The other students in the waiting room don’t seem particularly perturbed by me or my notepad, but making a scene won’t help anyone de-stress, so I concede. I’m bummed: I was genuinely curious about mindfulness and now I’m ruminating on the fact that I won’t get to benefit from it. If only someone would teach me how to let go of my negative thoughts.

Detox and retox

So what’s next? Beer yoga or a philosophy lecture? I pick beer yoga, because how does that even work? Isn’t yoga meant to purify your body? How does beer come into it?

‘This movement will cleanse your body’, says teacher Kelly Opel while demonstrating a complicated pose. ‘Have another sip! Detox and retox!’

Opel is dead serious, and she’s put a lot of thought into the combination between beer and yoga. She wants to show people that yoga isn’t necessarily ‘out there’ or for fancy health gurus, but that students can fit it into their busy schedules as well.

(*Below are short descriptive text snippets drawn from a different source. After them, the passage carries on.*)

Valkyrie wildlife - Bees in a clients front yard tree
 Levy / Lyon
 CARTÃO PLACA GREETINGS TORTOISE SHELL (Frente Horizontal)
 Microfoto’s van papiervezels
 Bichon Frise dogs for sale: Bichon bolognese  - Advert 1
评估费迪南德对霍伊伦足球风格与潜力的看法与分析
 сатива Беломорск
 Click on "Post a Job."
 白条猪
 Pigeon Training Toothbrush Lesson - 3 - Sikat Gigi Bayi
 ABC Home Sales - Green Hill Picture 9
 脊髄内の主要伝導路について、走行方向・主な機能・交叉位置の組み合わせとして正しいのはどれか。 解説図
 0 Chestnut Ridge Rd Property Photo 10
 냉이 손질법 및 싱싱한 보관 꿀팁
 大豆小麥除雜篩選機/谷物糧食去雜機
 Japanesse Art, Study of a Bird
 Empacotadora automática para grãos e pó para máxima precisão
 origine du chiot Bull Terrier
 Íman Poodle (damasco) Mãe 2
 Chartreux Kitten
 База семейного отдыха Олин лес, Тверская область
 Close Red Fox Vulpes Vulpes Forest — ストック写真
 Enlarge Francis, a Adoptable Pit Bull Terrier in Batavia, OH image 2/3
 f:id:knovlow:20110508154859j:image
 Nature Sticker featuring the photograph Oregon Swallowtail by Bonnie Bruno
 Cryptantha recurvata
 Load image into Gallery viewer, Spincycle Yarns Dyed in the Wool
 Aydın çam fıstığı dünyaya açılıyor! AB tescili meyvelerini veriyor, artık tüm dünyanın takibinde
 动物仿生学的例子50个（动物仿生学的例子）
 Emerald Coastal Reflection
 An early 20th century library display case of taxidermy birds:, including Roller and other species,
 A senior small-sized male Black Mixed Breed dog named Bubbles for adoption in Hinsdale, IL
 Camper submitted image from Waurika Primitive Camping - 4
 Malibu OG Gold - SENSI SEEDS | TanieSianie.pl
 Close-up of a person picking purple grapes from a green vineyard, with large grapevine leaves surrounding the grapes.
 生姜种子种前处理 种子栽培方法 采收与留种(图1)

I’m not sure I’m doing all the poses right; I’m just trying not to spill my beer. But people are relaxed and having fun, and the course truly makes me forget all my troubles.

Fluffy dandelion

I barely have time to eat lunch and no time at all to change out of my yoga leggings before I’m off to the workshop ‘Training for Happiness’, presented by the Studentenkoepel voor Levensbeschouwelijke Organisaties (the umbrella organisation for religious and philosophically oriented student associations). Can you train your brain to be happy? I’m about to find out.

I find myself in a kind of living room with eight other students. On a table are several pictures – of people, of animals, and, for some reason, of hands bound together. We have to pick the photo that gives us the happiest feeling. I select a picture of a fluffy dandelion against a bright blue sky. It reminds me of how carefree I was during summer holidays.

Not a panacea

Workshop teachers Hendrik Timmer and Timo Meijlink give us a few tips we can use in our everyday lives to be happier people. Be kind to others, for example, and try to avoid worrying. When I ask how I’m supposed to do that, one of the other students pipes up: ‘Through mindfulness!’

Well, that’s just great.

At the end of this long and surprisingly stressful day, I can’t help but wonder how effective Wellbeing Week really is. I won’t say it’s useless, but doing more stuff also doesn’t seem to be the magic solution for the very real problems of study pressure and work stress. It is, however, a good way to discover tactics that can help manage all of that. Along the way I realised I’d like to be a little more flexible, so maybe I’ll take up yoga after all. But I’ve become especially curious about mindfulness.